Breast biopsies - feeling anxious

 

 

Hi all, 

 

I’m new to the group, signing up after having three biopsies.

 

Just hoping you can all put my mind at ease or just be someone to talk to!

 

I found two lumps one in each breast and had biopsies last week. They then invited me back today to have a biopsy under mammogram as they found some calcifications. 

 

Anyway today was a disaster! I was all set up at the mammogram machine and they started the procedure but I started to feel faint. I tried to persevere and removed my mask as was struggling to breathe and they brought the big fan to me but I started to go and quickly yelled out I’m going to faint. The nurse and radiologist was fabulous and quickly released me and had me lying back until I felt ok.  I had hoped they would carry on but they said I would probably just feel faint again so they didn’t want to risk it.  They only managed to get 3 samples (whatever they are called) but needed 7.  She said she would send it off but chances are I would need to have it done again. I was devastated!

 

My results appointment had already been made for next Monday for all three sets of results and I so wanted to just have closure at that appointment but now I’m so worried it will drag on as I will have to have another biopsy. 

 

I feel so anxious and sick right now plus my breast is so sore!! 

 

I can’t stop worrying about it. 

 

What are the chances of me not having to have it done again with them only getting 3 samples? 

 

Just so angry with myself for today!! 

  • Just wanted to say Hi.  I can't comment on the medical side of things but I do know how hard the wait is for results.

    I also joined this forum just to have others to talk to as my partner blocks everything out so no talk about it until any results are known.  

    If you ever need to rant or just chat feel free to message me.  I hope they can work with the samples they have though.  Take care x

     

  • Thank you so much for your reply. I guess it's just reassuring knowing that others understand how you are feeling. My wife is very supportive but is also super positive about everything so her view is why worry until you have something to worry about whereas I'm the complete opposite and worry about everything and think of the worst case scenario

  • Hello, 

    I'm also new to the group and having a biopsy later today. 
    I found a movable lump in my breast on Sunday and am fortunate to have private medical insurance so had an app last night, the consultant examined me and said it felt benign however wanted me to have a mammogram and ultrasound. 
    The radiologist was there for ages at the ultrasound and said he would need to do a biopsy today as he can see a shadow, by this time I'm hyperventilating in my mask, it makes it so much worse because no one can come in with you, then he just said if it is cancer it's very small so treatable. 
     

    I am beside myself with worry I've not slept I've been physically sick and I don't know what to expect.

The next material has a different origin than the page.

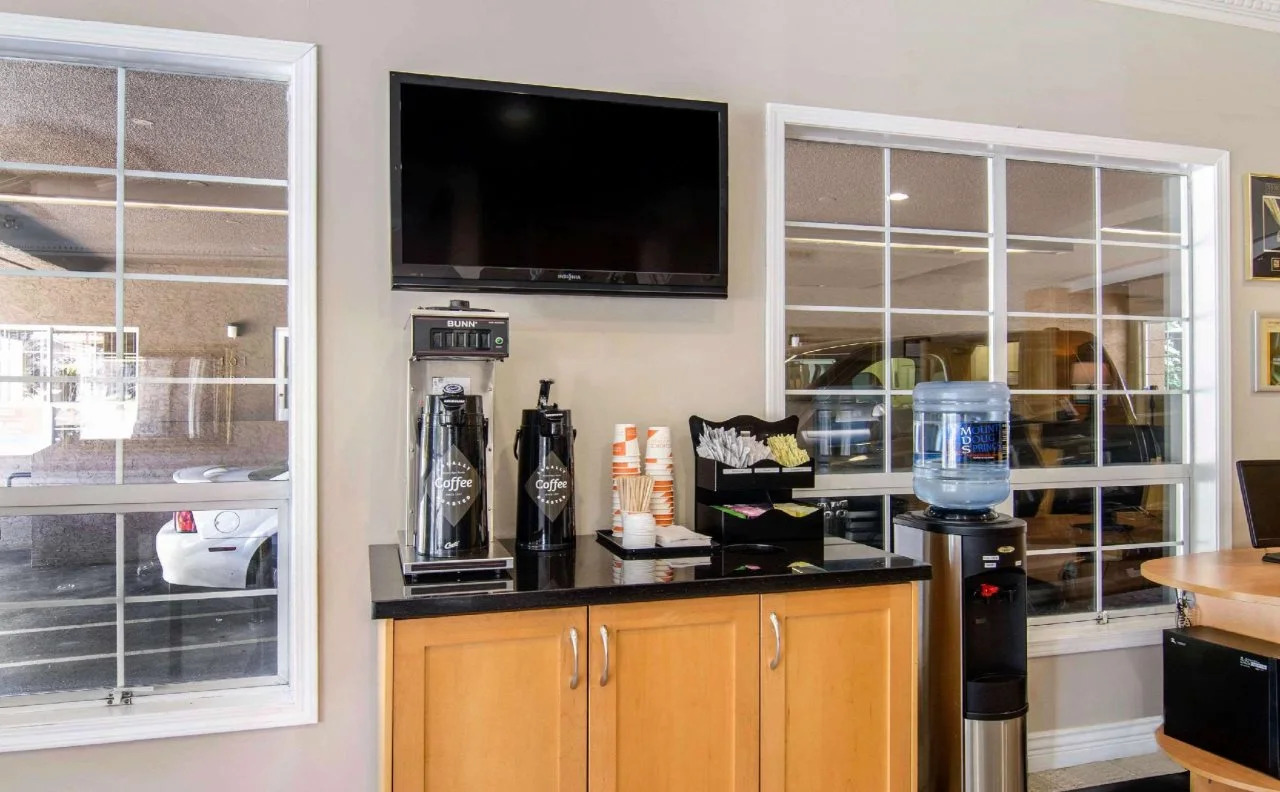 Photo - Quality Inn Downtown Inner Harbour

    I hope you get closure and everything is ok x 

  • Hey there 

    Thank you for your reply. So sorry to hear your news, completely understand how you are feeling. It's the not knowing isn't it and the waiting. 
    Really hope your biopsy goes ok, I actually didn't find the actual procedure that bad and couldn't even feel anything. Just sore afterwards so dose up on paracetamol.

    Hopefully you'll get the results really quickly with having private medical care.

    let me know how you get on later. You've got this!